Ces « Sept Anniversaires », ce sont ceux de Mia – et ce sont sauf erreur des multiples de 7. Elle a sept ans quand nous la croisons pour la première fois, dans un futur si proche qu’il est peu ou prou présent – la petite fille vit mal le divorce de ses parents, et tout particulièrement les absences de sa mère, en quête d’une « solution technique » au problème d’une Terre qui meurt du fait des conneries des hommes : elle veut croire que cette solution existe, et est prête à se compromettre pour la trouver et la réaliser. Et nous recroiserons Mia à l’âge de 49 ans, puis de 343 ans…

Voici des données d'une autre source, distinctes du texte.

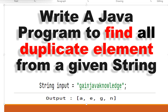Hello, welcome to this channel Gain Java Knowledge. Today in this video we are going to learn how to find all duplicate elements from a given string in Java. For example, here we have the input string 'gain java knowledge', and we can check the duplicate elements from this string — 'a' is a duplicate element.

« Sept Anniversaires » est une nouvelle très impressionnante, dont la mécanique permet d’exposer, sur des millénaires et des millénaires, le développement vertigineux (c’est le mot en usage, et il est ici parfait) d’une post-humanité épanouie, et que nos pronostics légitimement pessimistes semblaient reléguer au rang de rêveries sans fondement. La nouvelle a quelque chose de très, très optimiste qui, à vrai dire… surprend. Nous n’y sommes peut-être plus habitués ? Mais, en même temps, cet optimisme… eh bien, n’apparaît pas naïf. Et ce n’est pas le moindre tour de force de cette très bonne nouvelle (si j’ose dire). La densité du texte y participe – son caractère laconique aussi. Le voyage n’en est pas moins saisissant. Comme les blogocopines et copains, je suis très tenté d’associer « Sept Anniversaires » au roman Accelerando de Charles Stross, pour le coup.
Mais l’autre tour de force – et qui pour le coup distingue Ken Liu de Charles Stross et de beaucoup, beaucoup d’autres –, c’est comment la nouvelle parvient à rester « humaine », délibérément. Le très touchant premier chapitre, dès lors, n’est pas à proprement parler une fausse piste, mais bel et bien l’amorce de quelque chose qui se perpétuera jusqu’à la fin, et à bon droit. On relèvera aussi comment l’auteur inscrit dans son récit des thématiques politiques, économiques, écologiques, mais aussi bien philosophiques, parfois très compliquées, et se refuse à y apporter de ces réponses « simples » qui, au risque de me répéter, ont toujours été l’apanage des brutes et des imposteurs : c'est au lecteur de faire ses choix.
Oui, vraiment une excellent nouvelle, pour le coup. Bien meilleure sans doute que Le Regard… même si je conserve une place particulière à L’Homme qui mit fin à l’histoire.
Quoi qu’il en soit, longue vie à « Une heure-lumière » ! Et hâte de lire les prochains titres de la collection : six sont annoncés à la fin du hors-série, et il y a quelques noms étonnants (si c’est le mot), laissant présager que la collection continuera d’évoluer – ce qui est bien la moindre des choses, quand on fête ce genre d’anniversaires.